# The data:
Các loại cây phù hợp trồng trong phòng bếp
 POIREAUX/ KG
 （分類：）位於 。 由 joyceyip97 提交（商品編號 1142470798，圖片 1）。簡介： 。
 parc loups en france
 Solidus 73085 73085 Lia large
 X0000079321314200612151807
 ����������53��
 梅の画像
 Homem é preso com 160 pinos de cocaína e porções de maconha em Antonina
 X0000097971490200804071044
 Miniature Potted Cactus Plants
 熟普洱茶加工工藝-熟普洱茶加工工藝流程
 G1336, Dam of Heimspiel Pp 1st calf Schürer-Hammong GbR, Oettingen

# What needs to be done:
From the line containing "POIREAUX/ KG" down to the last line of the records above, print every line exactly, with both ends kept.

# Solved exercise:
 POIREAUX/ KG
 （分類：）位於 。 由 joyceyip97 提交（商品編號 1142470798，圖片 1）。簡介： 。
 parc loups en france
 Solidus 73085 73085 Lia large
 X0000079321314200612151807
 ����������53��
 梅の画像
 Homem é preso com 160 pinos de cocaína e porções de maconha em Antonina
 X0000097971490200804071044
 Miniature Potted Cactus Plants
 熟普洱茶加工工藝-熟普洱茶加工工藝流程
 G1336, Dam of Heimspiel Pp 1st calf Schürer-Hammong GbR, Oettingen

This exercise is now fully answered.